The next day my mini-tour of the North Island began with a bus trip north to Paihia (pie hee' ah). Along the way we stopped in Warkworth to see kauri (cow ree) trees, which are immense and very old. Kauri trees existed 36000 years ago. The wood is warm and smooth. The drive north was lovely with hills, mountains, shore all in view. A Maori word of greeting is Kiora (key or rah and roll the r's if you can.) We visited the Waitangi Treaty House, a very impressive building. On a walk around the grounds we saw a kauri tree stump and a war canoe which requires eighty paddlers.
On the following day we boarded a catamaran and cruised around the Bay of Islands, seeing dolphins along the way. We sailed through the Hole in the Rock and backed into the Grand Cathedral Cave and at lunchtime we sailed into a small cove to dock. The restaurant had been frequented by Zane Grey. The captain had vowed that if we weren't on the boat at departure, he would NOT come back for us. But, guess what. He did exactly that when four people missed the boat! He did say he didn't know why he was doing it. We then stopped at Russell, where I booked an hour tour of the area. We had fantastic views from overlooks in the heights. That evening we made our way back to Auckland.

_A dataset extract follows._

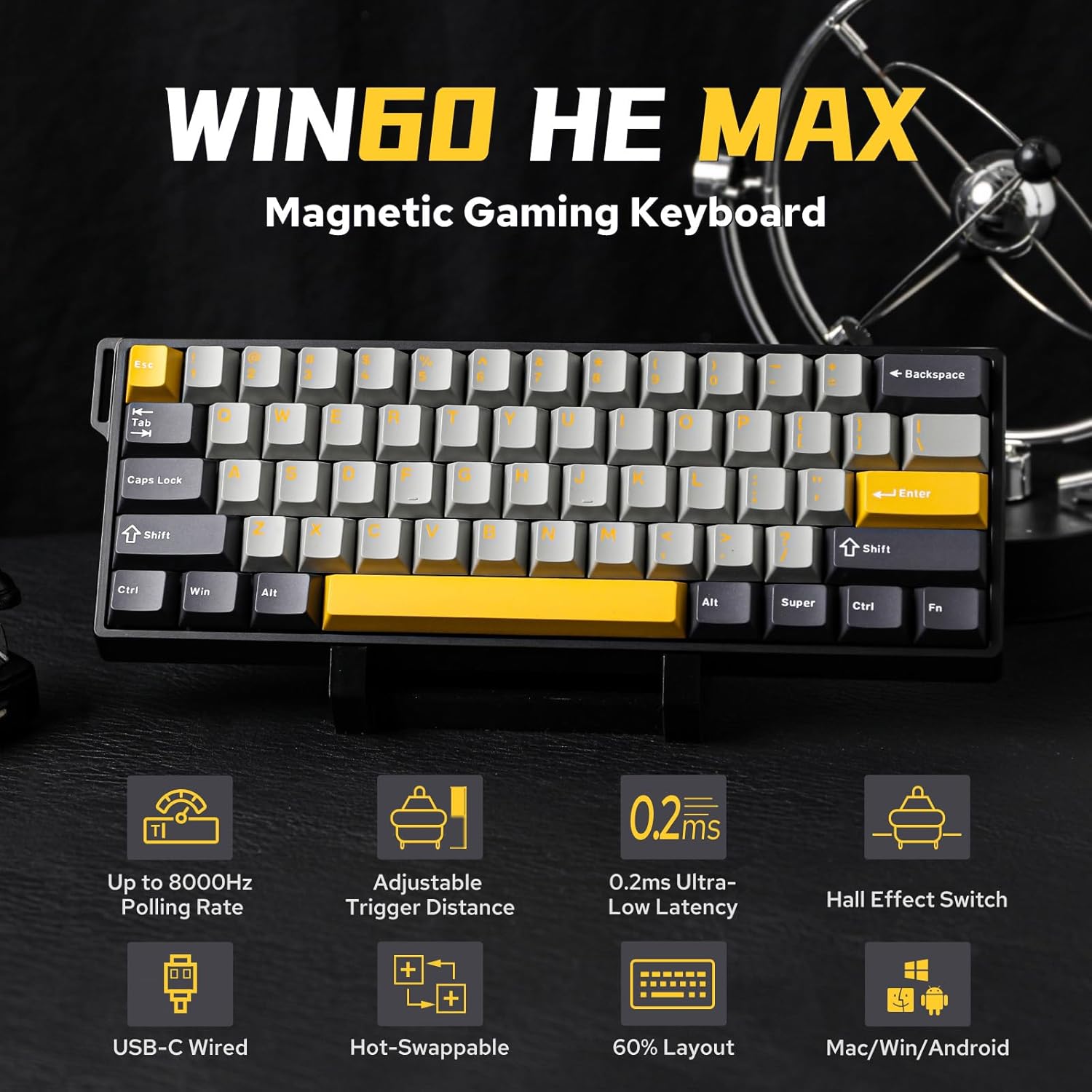 AULA WIN60 HE 60% Max Pro Magn - Gaming Keyboard Hot Swappable recension och pris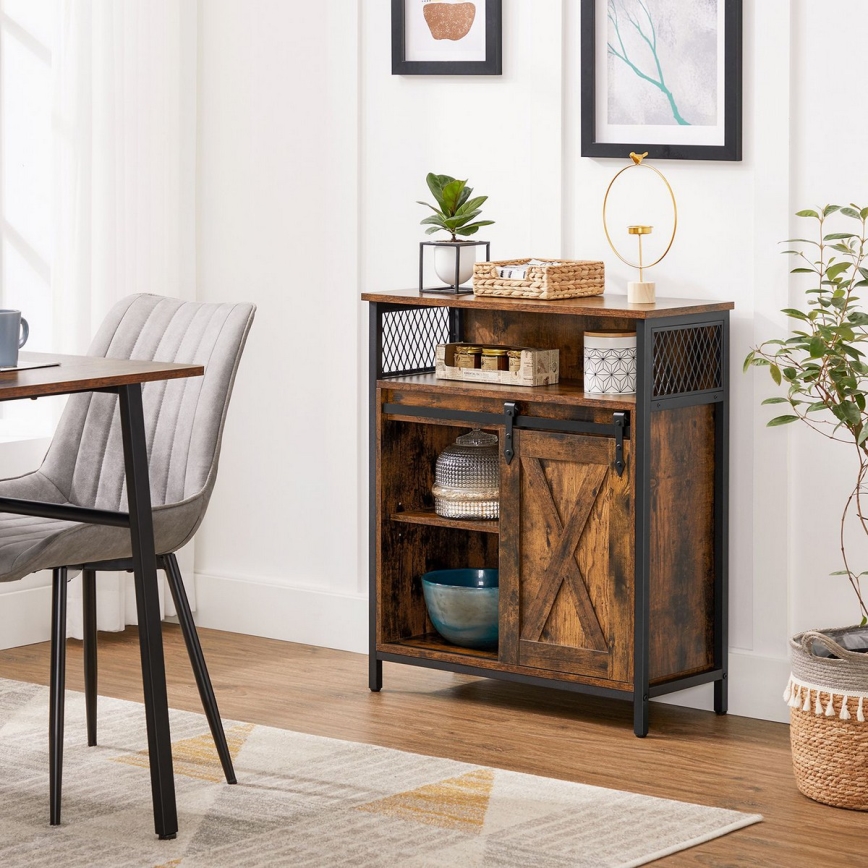 Скрин с плъзгаща врата FIRA кафяво/черно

The mini-tour continued with a journey south. We stopped at an Angora rabbit farm near Waitomo and watched a shearing. The rabbits don't shed and would die of heat if not sheared every three months. The fur was about four inches long and white as snow. The rabbit is gently stretched and trussed by its feet and cradled with a hammock-like contraption. The clippers take one strip of fur, the rabbit is turned on its spit, and the process continues. The rabbit appeared to be very relaxed. Fascinating.

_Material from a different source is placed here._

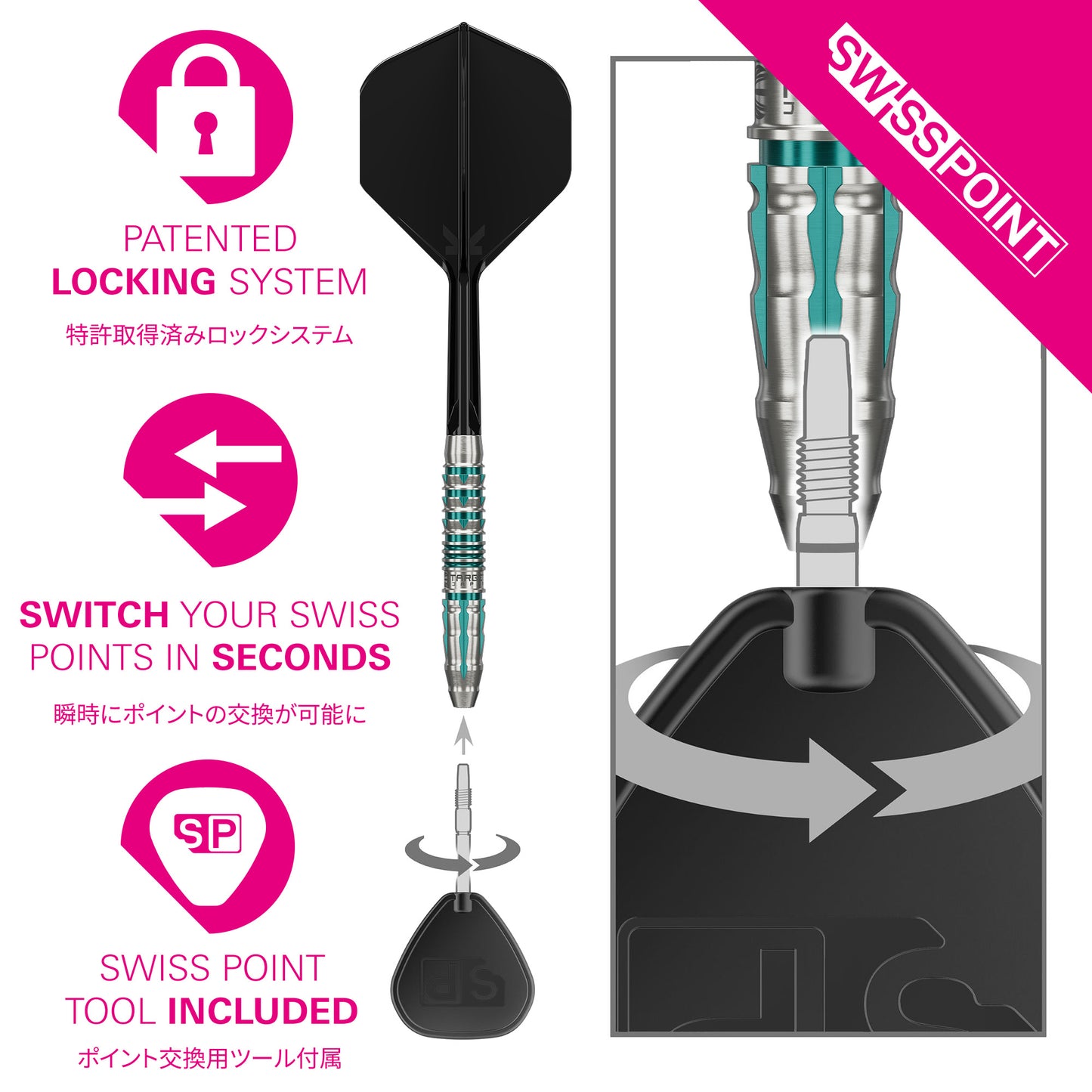 Target Japan Black Marquee Pierce 90% Tungsten SP Darts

We then went on to the Waitomo Caves. The attraction there was a boat ride through the grotto where the ceiling was covered with glowworms, a two-winged insect similar to our fireflies. The guide maneuvered the boat with an overhead rope, hand over hand. Quiet was required, no pictures allowed, of course. That area of the cave was reminiscent of a starry night, with some dripping water.
We then drove on to Rotorua, a place of lots of geothermal activity. Walking on the street, I saw a pipe coming out of the ground, about twenty feet high, with steam sizzling from the top. Also, the walk was enhanced by sulphur smells every so often. Our hotel was on shore of Lake Rotorua and in the parking lot was a hot spring surrounded by a wall and rocks.
Our evening was spent at the Maori grounds, an interesting cultural experience. We took part in the greeting ceremony, wandered through the village and had a wonderful meal, called a Hangi, a feast where food is cooked in an earth oven.
The next day we visited a tourist farm to watch dogs herding sheep, and a sheep shearing which took less than five minutes, a thermal area to see geysers, hot springs and boiling mud pools. Then we were off to the Skyline Gondola for a buffet lunch and gorgeous views. At the end of the day we made our way back to Auckland. I stayed with my friend overnight. We had a wonderful catch-up time.
After a much too brief visit with Colleen, I made my way to the South Island on a flight from Auckland to Christchurch, where friends were awaiting my arrival. More hugs all around.
Our first day out included a gondola ride to an overlook of Lyttleton and Diamond Harbour in the one direction and distant Christchurch and the Canterbury Plain in the other. A ride back home over the mountain, beautiful scenery with the usual hairpin curves.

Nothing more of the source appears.